Once we define $\theta$, we can define $\log z = (\log r) + i \theta$, and thus define $z^a = e^{a \log{z}}$, which was our original goal.
Having said all that, there is one case where all these choices don't matter, and we can define $z^a$ continuously over all nonzero $z$. What case is that? That is the case where $a$ is an integer: For in that case, making a different choice of $\log{z}$ changes the value of $a \log{z}$ by an integer multiple of $2 \pi i$ and thus the value of $e^{a \log{z}}$ isn't affected at all. So the value of $z^a$ is independent of the choice of $\log{z}$ when $a$ is an integer. And if you think about it, there's a good reason for that: for example, when $a=3$, the value of $z^3$ had better not be any number other than $z \cdot z \cdot z$ !
Best Answer
The principal value of the complex logarithm and the principal value of the argument of non-zero complex numbers are connected via $$ \DeclareMathOperator{Log}{Log} \DeclareMathOperator{Arg}{Arg} \Log(z) = \log |z| + i \Arg(z) \, , $$ so the question whether $$ \tag{1} \Log(z_1 z_2) = \Log(z_1) + \Log(z_2) $$ holds or not is equivalent to asking if $$ \tag{2} \Arg(z_1 z_2) = \Arg(z_1) + \Arg(z_2) $$ holds or not.

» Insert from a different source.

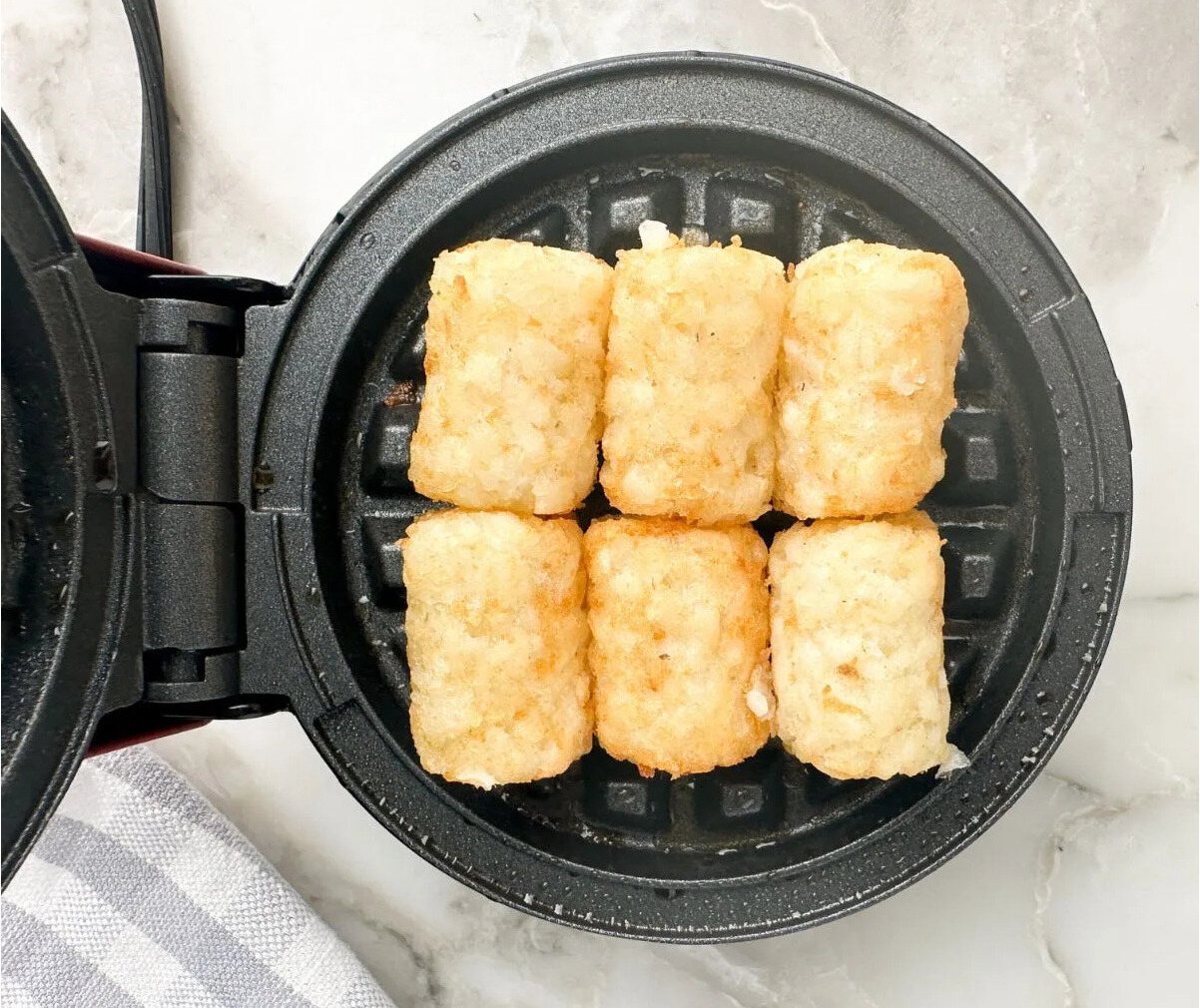How To Cook Tater Tots On A Waffle Iron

The number on the right-hand side of $(2)$ is an argument of $z_1 z_2$, and $\Arg(z)$ is usually defined as the argument in the range $(-\pi, \pi]$. This means that $(2)$ and $(1)$ hold if and only if $$ -\pi < \Arg(z_1) + \Arg(z_2) \le \pi \, . $$
You have restricted $z_1$ and $z_2$ to the upper half-plane $\Im(z) > 0$, but that is not sufficient to make $(1)$ and $(2)$ hold. We can still find numbers whose arguments add up to a value larger than $\pi$, e.g. by picking both numbers in the second quadrant.
A simple counterexample is $z_1 = z_2 = -1 + i$.